Строго говоря, если исходить из предположения, что распространение языков соотносится с экспансией говорящих на них народов, гипотеза распространения праиндоевропейского языка из Анатолии в период неолита не выдерживает критики: анатолийцы не принесли свои гены в долину Инда, где гены первых земледельцев из региона, расположенного восточнее, в Иране (у горной системы Загрос), впоследствии смешались с генами популяций, пришедших с севера. Кстати, баски, чей язык не принадлежит к индоевропейской семье, генетически отчасти происходят от анатолийцев времен неолита.
Придерживаясь того же условия одновременного распространения генов и языков, рассмотрим вторую гипотезу: в бронзовом веке люди с востока Кавказа принесли индоевропейские языки в Южную и Восточную Европу (на Алтай они, вероятно, принесли ныне исчезнувшие тохарские языки, также относившиеся к индоевропейским). У этой гипотезы также есть недостаток. В геноме хеттов, говоривших на индоевропейском языке, гены популяций с востока Кавказа не обнаружены.
Следовательно, гипотеза об одновременном распространении языков и популяций остается гипотезой с некоторыми оговорками. Вполне можно предположить и анатолийское происхождение индоевропейского праязыка, его культурное распространение к Загросу, затем миграцию людей и языка в сторону Индии. И наоборот, в эпоху неолита люди из Анатолии могли мигрировать на запад, дойти до земель басков, но языкового замещения там не произошло.

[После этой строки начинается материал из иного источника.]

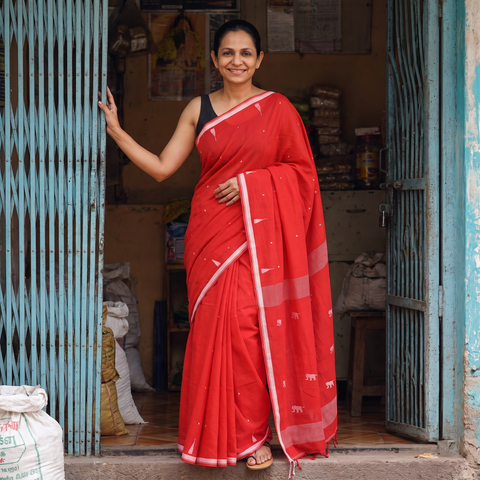 Red Handloom Cotton Phulia Jamdani Saree with Tassels, draped and worn by a woman, AI visual of the saree, iTokri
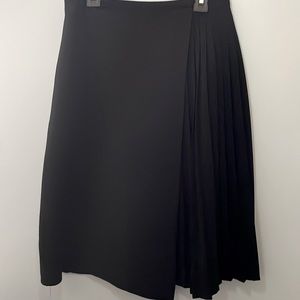 Top shop back half pleated wrap around skirt. Size 2 lined and knee length.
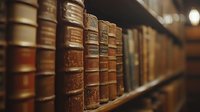 Vintage leather-bound books with gold lettering arranged on wooden shelf in library, creating atmospheric mood with shallow depth of field and warm lighting.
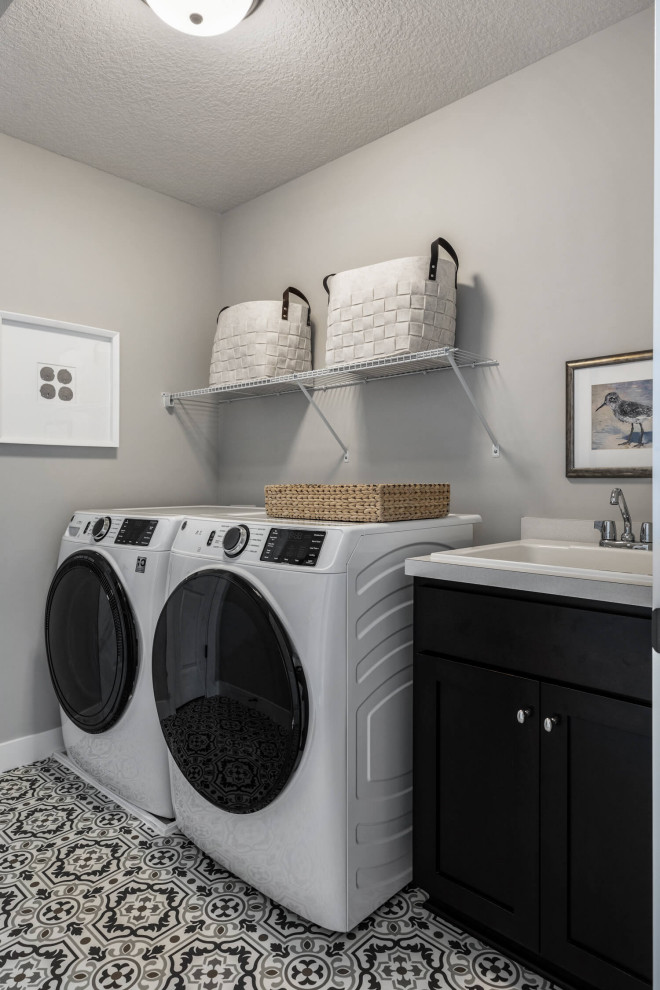 Esempio di una sala lavanderia chic con lavello a vasca singola, ante in stile shaker, ante in legno bruno, pareti grigie, pavimento in vinile, lavatrice e asciugatrice affiancate e pavimento nero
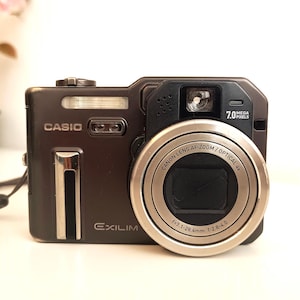Könnte beinhalten: Dunkelbraune Casio Exilim Digitalkamera mit silbernem Objektiv und Blitz. Die Kamera hat eine Handschlaufe und das Objektiv trägt die Aufschrift "Canon Lens AF Zoom / Optical 4x". Die Kamera hat 7,0 Megapixel.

Хотя в глобальном масштабе работы по генетике и лингвистике указывают на связь между распространением генов и языков (что можно считать аргументом в пользу одновременной миграции народов и языков), из этого общего правила есть и важные исключения. Например, население Турции говорит на тюркском языке, хотя генетически оно ближе к народам Ближнего Востока, чем к другим тюркоязычным народам от Турции до Алтая. Здесь языковое замещение произошло без миграции генов. Кроме того, попытки соотнести происхождение индоевропейского праязыка с одной-единственной популяцией, возможно, сами по себе говорят об упрощенном видении проблемы. Продолжайте работу, исследователи!
3000 лет до н. э.
Встреча пигмеев с банту
И в Европе, и на Ближнем Востоке, и в Центральной Азии появление земледельцев в корне изменило жизнь местного населения. Но как происходили эти встречи? Сопровождались ли они насилием? В какой-то степени ответ на этот вопрос дает африканский пример: приход банту на территорию пигмеев 5000 лет назад.
В то время в Центральную Африку прибывали новые народы, приносившие с собой новую систему земледелия — подсечно-огневую. Говорили они на языках банту, и местом их происхождения была территория нынешнего Камеруна. Впоследствии они быстро распространились по всей Африке — настолько, что между носителями банту из Габона и из Мозамбика нет существенных генетических различий. В тот же период популяции пигмеев, прежде занимавшие обширную смежную территорию, разделились на группы. Учитывая совпадение двух этих событий, можно предположить, что расселение банту в Центральной Африке повлекло за собой дробление популяций пигмеев. Аналогично тому, что происходило в Европе и Азии, впоследствии популяции пигмеев обменивались генами с соседними популяциями земледельцев.
Одним из результатов нашего исследования, о котором я уже говорила, стало доказательство асимметричных обменов между пигмеями и их соседями. Мы наблюдали приток генов земледельцев у пигмеев, но приток генов пигмеев у земледельцев оказался незначительным. Если вспомнить, что известно этнологам об этих двух группах, такой результат не может не удивлять: действительно, совершенно исключено, чтобы пигмей женился на женщине из популяции земледельцев, тогда как брак между земледельцем и пигмейкой, хотя и редкость, все же приемлем с практической точки зрения. Даже если оставить в стороне вопрос привлекательности, эти женщины считаются плодовитыми, и за них приходится платить меньший выкуп.
В подобных обществах женщина традиционно отправляется жить к мужу. Следовательно, если деревенский житель женится на пигмейке, она перебирается в деревню земледельцев. Приток генов должен идти от пигмеев к непигмеям, но генетические данные указывают на обратное. Причина этого парадокса проста: пигмейская женщина или ее дети рано или поздно почти всегда возвращаются к своим. Дело в том, что деревенские жители презирают пигмеев. И потому, разводится ли пигмейка с мужем и возвращается вместе с детьми в общину пигмеев или же уходят только ее дети, «земледельческие» гены, носителями которых они становятся, в конце концов оказываются у пигмеев.